La mort tragique de Nina Hetmanska a interrompu ses investigations en 2022. Afin que la chercheuse en philosophie du droit puisse continuer à se faire entendre, les éditions de l’Université de Bruxelles publient «La fabrique des étrangers». Dans la collection Généalogies et actualités.
Les migrations de sa famille ont conduit Nina Hetmanska à choisir son sujet de recherche. Ses études de droit à l’Université de Varsovie, prolongées par des études de droit et de philosophie à l’Université Paris 1 Panthéon-Sorbonne, l’ont amenée à préparer une thèse au Centre Perelman de philosophie du droit de l’Université libre de Bruxelles. Sous la direction des professeurs de droit Isabelle Rorive et Benoît Frydman, membre de la Classe technologie et société de l’Académie royale de Belgique.
«En prenant la parole au nom des migrants, des sans-papiers, des victimes d’apartheid, des apatrides, des étrangers et des autres, Nina nous donne à voir un monde globalisé complexe et injuste», soulignent ses parents. «Dans chaque migrant qu’elle a rencontré, elle a vu d’abord et avant tout un individu abandonné, sans recours et coincé dans les filets d’un système politique et légal.»
Des produits du pouvoir juridique
Nina Hetmanska défend la thèse que «les migrants, les sans-papiers et autres catégories d’étrangers sont des produits de la performance du pouvoir juridique. Ils existent parce qu’ils sont interpellés en tant que tels. À côté de la science du droit, les sciences sociales constituent un autre discours savant qui interpelle les sujets. Au quotidien, les étrangers agissent en tant que travailleurs, membres de famille, voisins et amis. En permanence au contact d’autres personnes aux situations administratives variées».

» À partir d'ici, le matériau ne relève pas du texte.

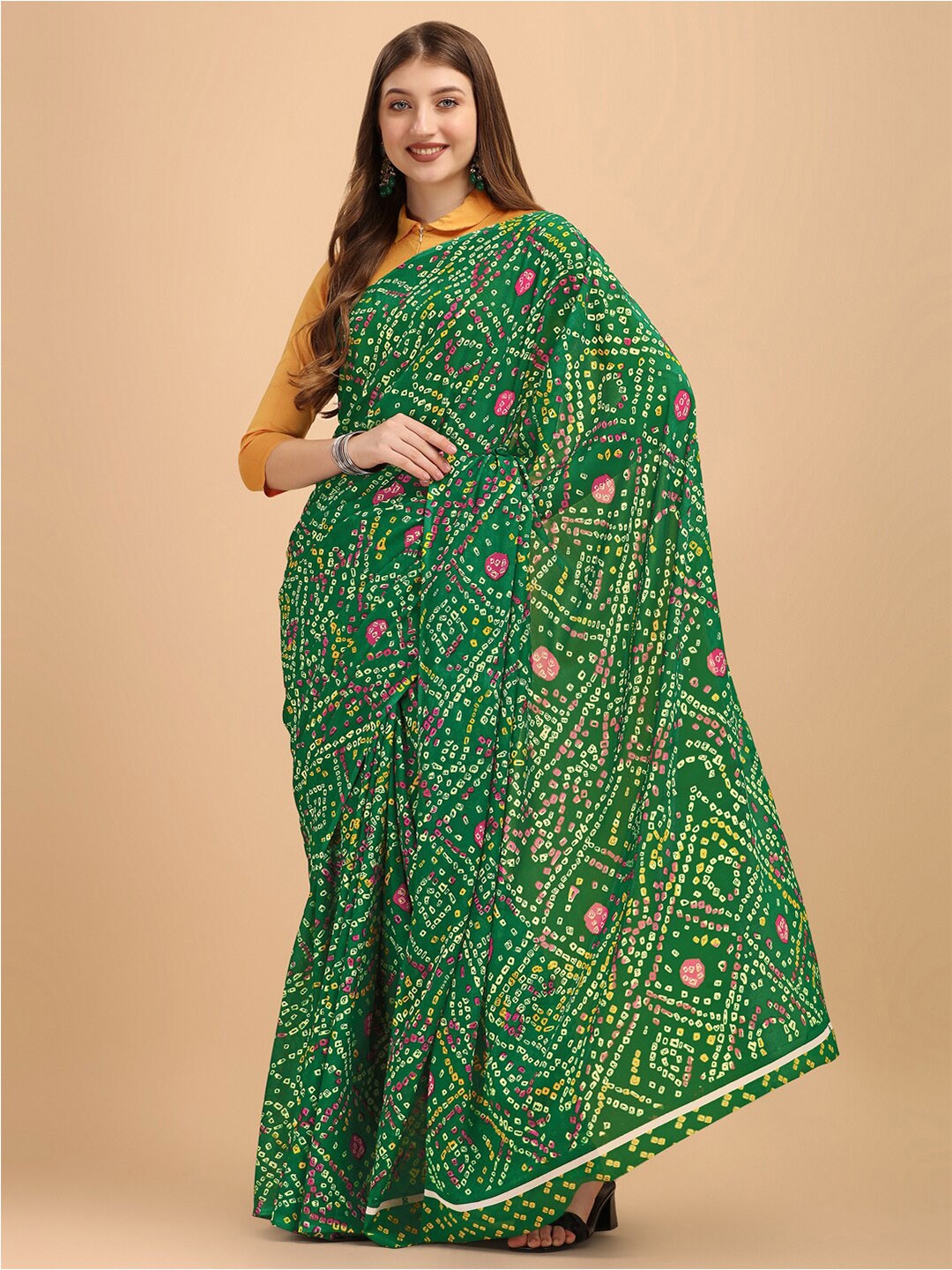 

Dori Bandhani Printed Pure Georgette Saree, Green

Lors d’entretiens semi-directifs, la chercheuse a enregistré, pendant 30 à 80 minutes, des femmes et des hommes âgés de 23 à 56 ans. Provenant de pays différents. Dans des situations matérielles très variées. Des demandeurs d’asile, des réfugiés statutaires, des personnes en situation irrégulière ou ayant un titre de séjour étudiant, salarié.
Afin d’assurer la validité externe de sa recherche, Nina Hetmanska a mené des observations lors des permanences juridiques au Bureau d’accueil et d’accompagnement des migrants. La chercheuse a rencontré près de 500 personnes, majoritairement en situation irrégulière. Elle a accompagné quelque 40 personnes dans leurs démarches administratives.
La présence d’un étranger doit toujours être justifiée
Pour la chercheuse, «la spécificité de la condition d’étranger consiste dans le fait que sa présence doit toujours être justifiée en vue d’une valeur extérieure. Elle est toujours soumise au jugement selon une logique utilitariste. À l’inverse du citoyen, qui détient en lui-même sa raison d’être, l’étranger ne peut pas être reconnu en tant que tel. Les avantages au sens moral et économique qu’il apporte à la société dite d’accueil se reflètent dans son statut reconstitué par le droit.»
Nina Hetmanska propose de mobiliser la théorie de la reconnaissance formulée par le philosophe allemand Axel Honneth. Directeur de l’Institut de recherche sociale de Francfort et professeur à la Columbia University of New York.
La lutte pour la reconnaissance mutuelle est un moteur de progrès
«Selon la lecture de Honneth, la lutte des sujets pour la reconnaissance mutuelle est un moteur de progrès de la société vers une plus grande liberté garantie par les institutions», relève Nina Hetmanska. «Les relations juridiques qui auparavant séparaient les individus soucieux de leurs intérêts privés ont une nouvelle tâche dans la modernité. Elles servent de base pour la reconnaissance universelle. Dans l’État moderne, le droit est conçu comme l’expression des intérêts universalisables de tous les membres de la société.»
«On voit ainsi émerger une nouvelle forme de reconnaissance juridique. La relation de la réciprocité des individus libres et égaux implique l’autonomie individuelle et la responsabilité morale réciproque. Ce progrès a été possible grâce à la dissociation des droits individuels de la hiérarchie et de l’estime sociale dans la modernité juridique.»
Semer un doute là où il y avait des évidences
La chercheuse précise que sa seule ambition a été de «semer un doute là où, auparavant, il y avait des évidences. Cet objectif détermine le caractère philosophique de notre entreprise qui a emprunté des moyens et des concepts à d’autres disciplines, comme la théorie juridique, la sociologie, l’anthropologie et l’histoire».
«En étudiant nos étrangers, c’est de nous-mêmes que nous parlons, comme l’écrit le poète grec Konstantínos Kaváfis», conclut Nina Hetmanska.